* [EXERCISE DATA]
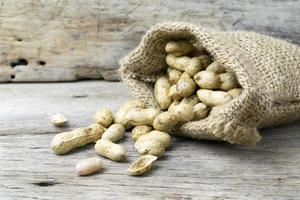 peanut on wooden background photo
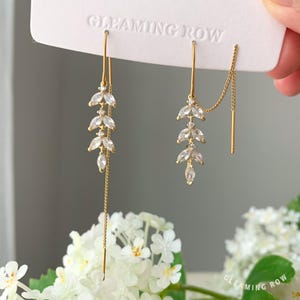 Può includere: Un paio di orecchini color oro con un design a forma di foglia. Ogni orecchino presenta una serie di pietre chiare e scintillanti, incastonate in una forma allungata e delicata. Il testo "GLEAMING ROW" è visibile.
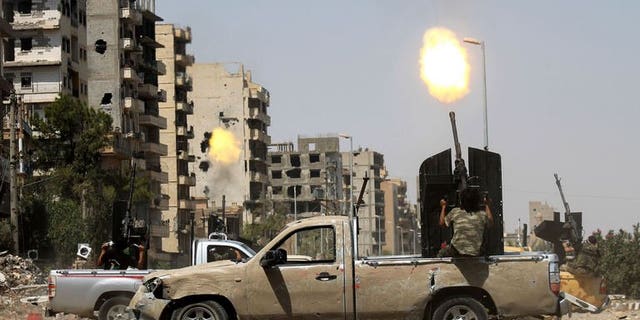 A Syrian rebel fires as a regime fighter jet flies overhead in Syria's eastern town of Deir Ezzor, on August 17, 2013. Opposition leader Ahmad Jarba said Syria is now being run by regime allies Iran and Lebanon's Hezbollah, with President Bashar al-Assad out of the picture, in an interview published Sunday.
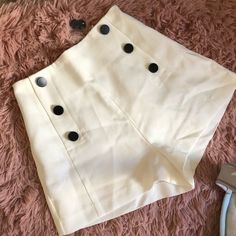 New! White High Waist Shorts With Black Buttons. Side Zipper. Extra Buttons Attached. Never Worn. Needs To Be Steamed But Otherwise Perfect Condition. Trendy White Shorts For Workwear, White High Waist Shorts With Buttons, Fitted White Shorts With Buttons, Trendy Cream Short Bottoms, White Fitted Buttoned Shorts, High Waist Cream Shorts For Work, High-waisted Cream Shorts For Work, Trendy Cream Shorts For Day Out, Chic Buttoned Shorts For Day Out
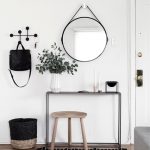 hal met zwarte sidetable en ronde spiegel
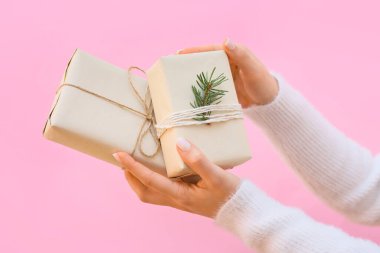 Pembe arka planda hediye kutuları olan kadın eller, yakın plan.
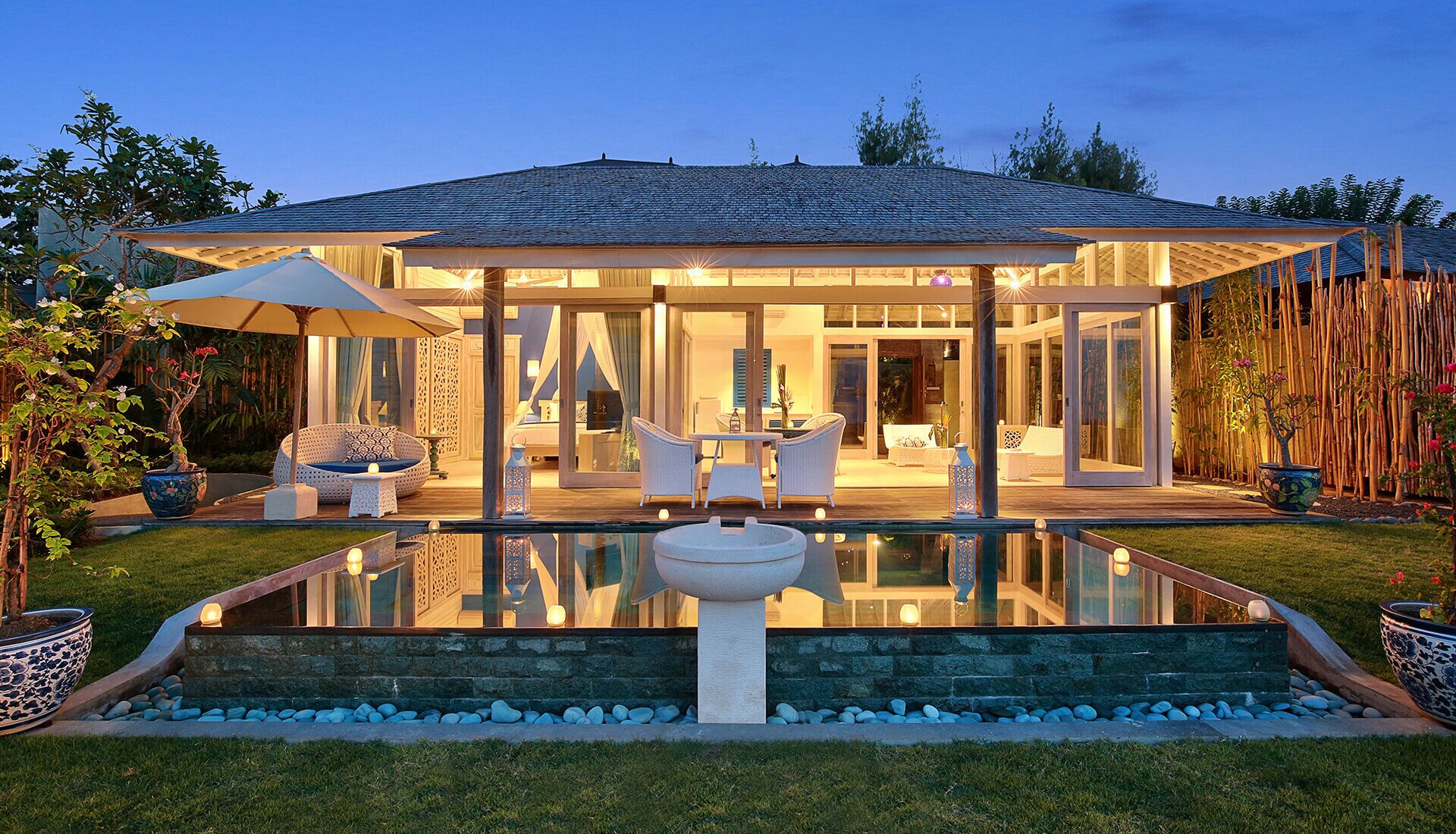 A modern house with a glass-enclosed patio, a swimming pool, and a well-maintained garden.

* [REQUIRED WORK] Could you set down every entry above exactly as it stands, with no images?

* [RESPONSE]
 peanut on wooden background photo
 Può includere: Un paio di orecchini color oro con un design a forma di foglia. Ogni orecchino presenta una serie di pietre chiare e scintillanti, incastonate in una forma allungata e delicata. Il testo "GLEAMING ROW" è visibile.
 A Syrian rebel fires as a regime fighter jet flies overhead in Syria's eastern town of Deir Ezzor, on August 17, 2013. Opposition leader Ahmad Jarba said Syria is now being run by regime allies Iran and Lebanon's Hezbollah, with President Bashar al-Assad out of the picture, in an interview published Sunday.
 New! White High Waist Shorts With Black Buttons. Side Zipper. Extra Buttons Attached. Never Worn. Needs To Be Steamed But Otherwise Perfect Condition. Trendy White Shorts For Workwear, White High Waist Shorts With Buttons, Fitted White Shorts With Buttons, Trendy Cream Short Bottoms, White Fitted Buttoned Shorts, High Waist Cream Shorts For Work, High-waisted Cream Shorts For Work, Trendy Cream Shorts For Day Out, Chic Buttoned Shorts For Day Out
 hal met zwarte sidetable en ronde spiegel
 Pembe arka planda hediye kutuları olan kadın eller, yakın plan.
 A modern house with a glass-enclosed patio, a swimming pool, and a well-maintained garden.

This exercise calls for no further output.